What you write must be the lines from the one holding "Obraz premium Abstract" through the final line of the records below, reproduced exactly, minus the pictures.
--- START ---
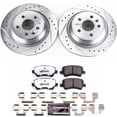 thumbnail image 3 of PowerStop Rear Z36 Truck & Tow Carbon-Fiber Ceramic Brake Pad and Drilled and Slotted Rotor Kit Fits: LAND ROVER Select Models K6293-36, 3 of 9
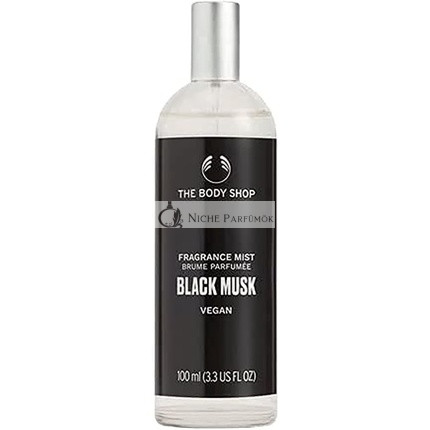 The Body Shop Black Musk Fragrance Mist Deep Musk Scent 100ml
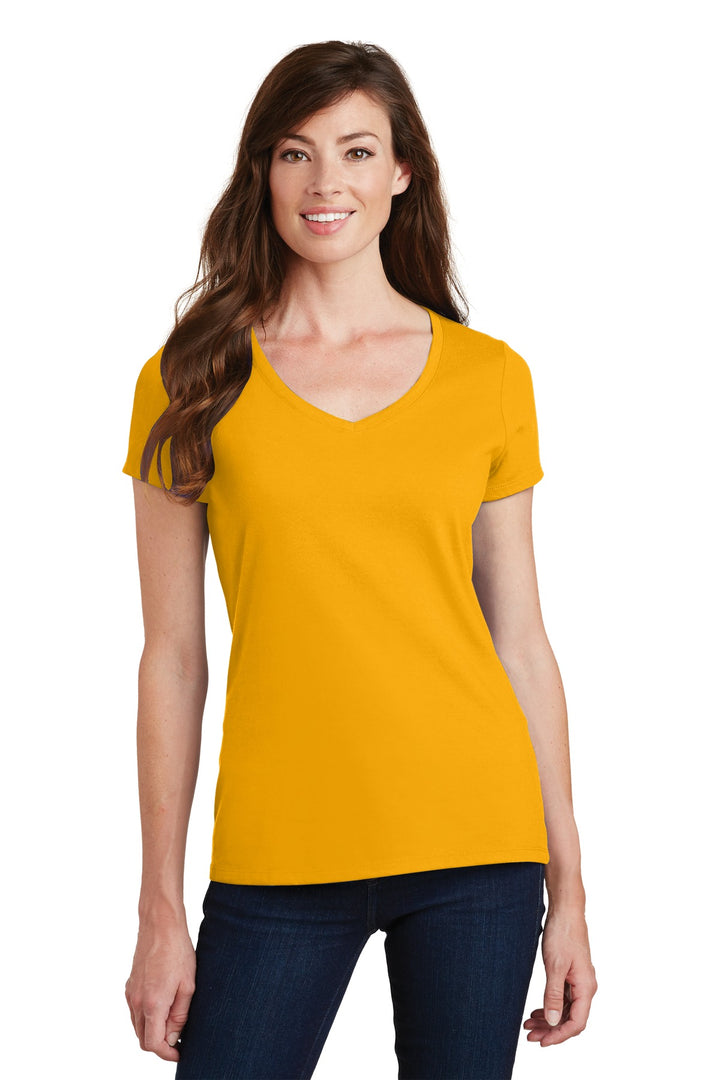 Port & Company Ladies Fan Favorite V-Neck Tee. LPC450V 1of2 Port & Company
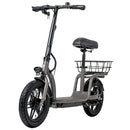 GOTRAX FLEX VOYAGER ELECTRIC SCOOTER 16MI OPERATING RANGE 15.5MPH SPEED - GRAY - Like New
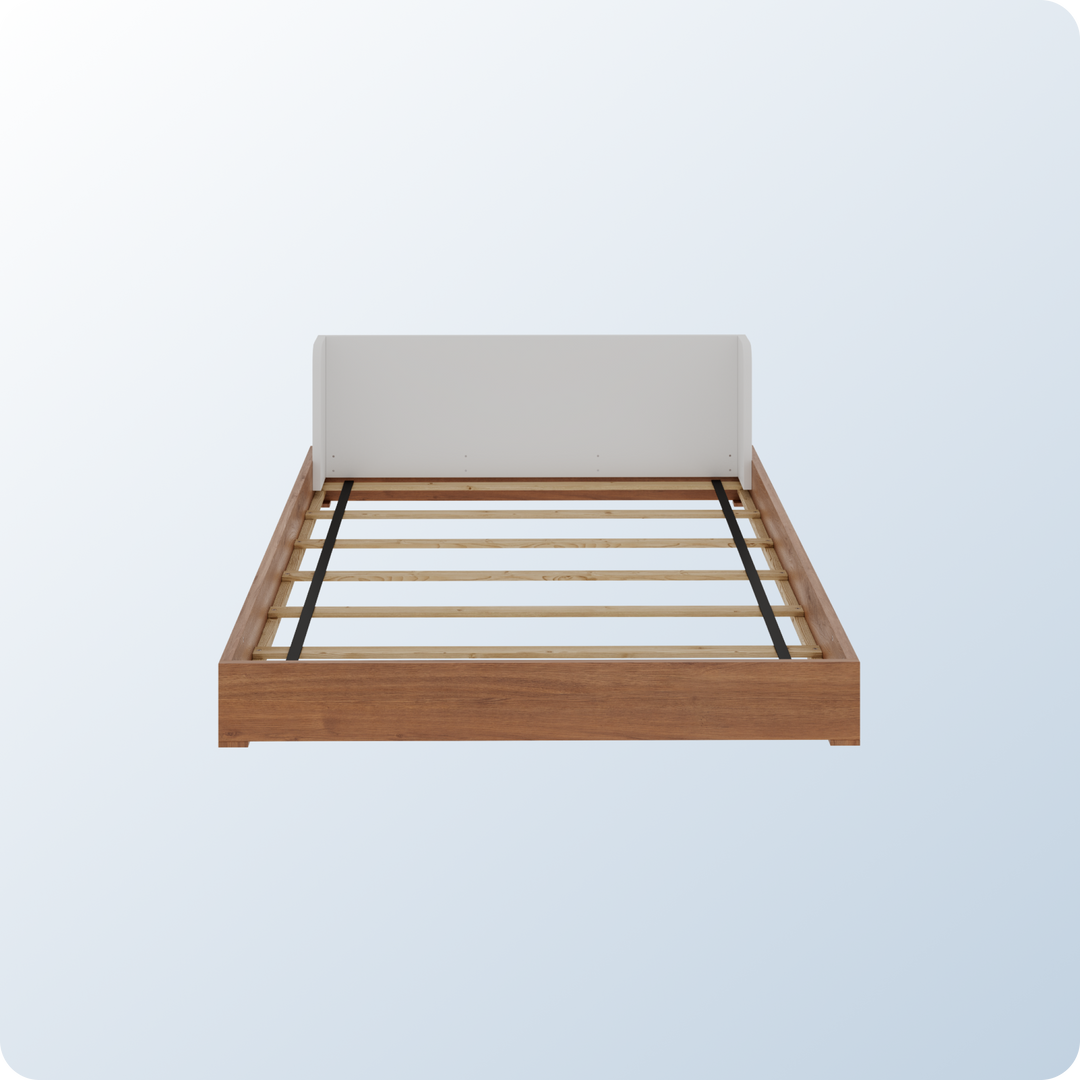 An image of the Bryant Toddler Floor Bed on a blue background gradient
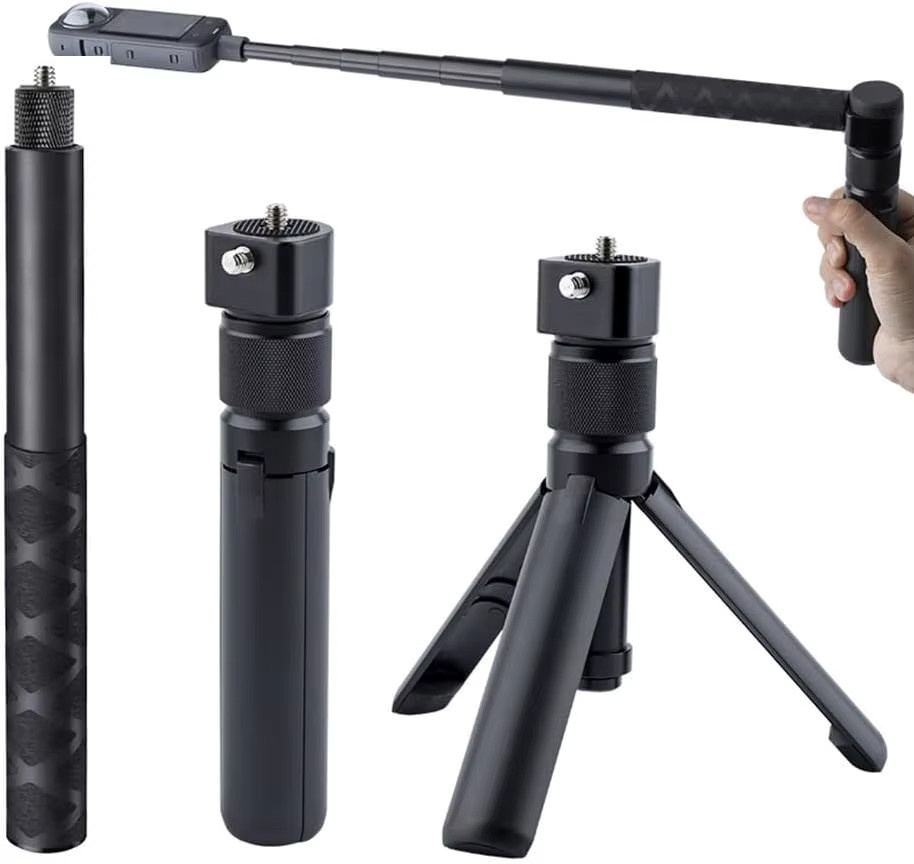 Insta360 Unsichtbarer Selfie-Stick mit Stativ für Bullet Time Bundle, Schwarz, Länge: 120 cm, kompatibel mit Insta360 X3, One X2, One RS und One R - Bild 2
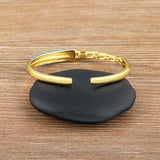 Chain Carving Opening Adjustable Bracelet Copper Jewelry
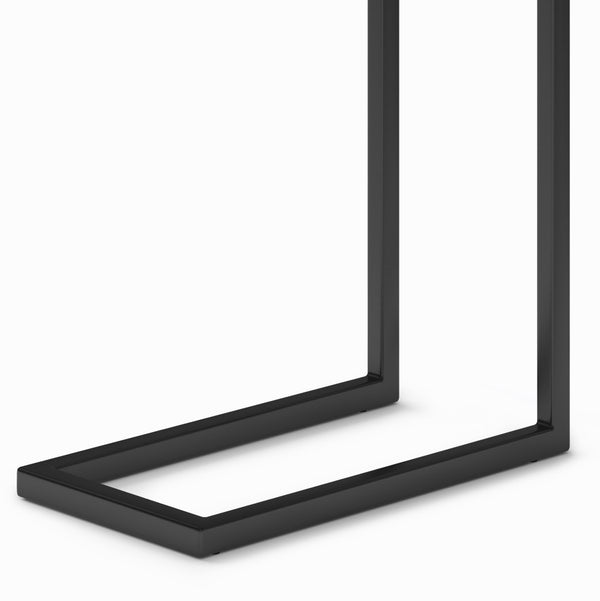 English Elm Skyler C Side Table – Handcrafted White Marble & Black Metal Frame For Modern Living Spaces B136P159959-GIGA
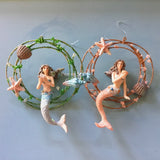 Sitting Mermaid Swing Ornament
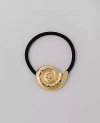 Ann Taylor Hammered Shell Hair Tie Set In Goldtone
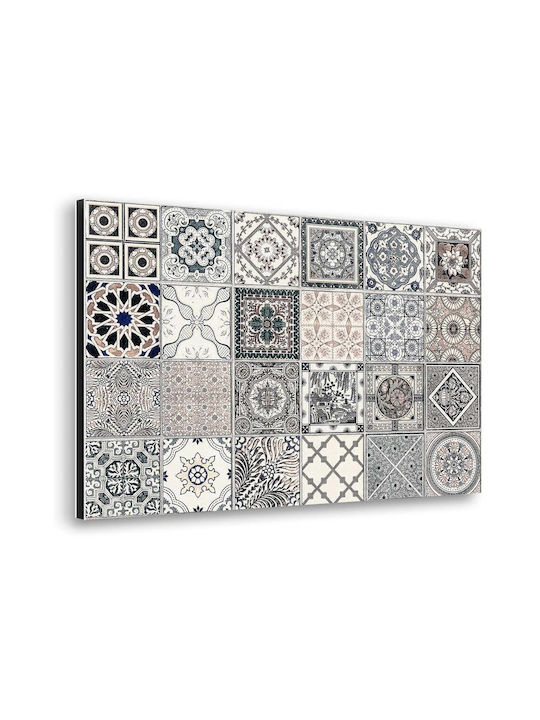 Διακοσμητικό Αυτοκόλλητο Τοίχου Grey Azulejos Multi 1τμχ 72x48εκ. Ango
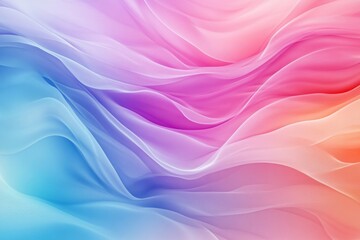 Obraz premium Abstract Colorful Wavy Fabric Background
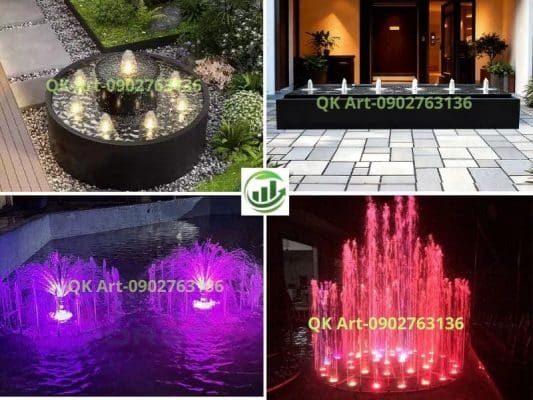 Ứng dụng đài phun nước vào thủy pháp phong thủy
--- END ---
» RESULT:
 Obraz premium Abstract Colorful Wavy Fabric Background
 Ứng dụng đài phun nước vào thủy pháp phong thủy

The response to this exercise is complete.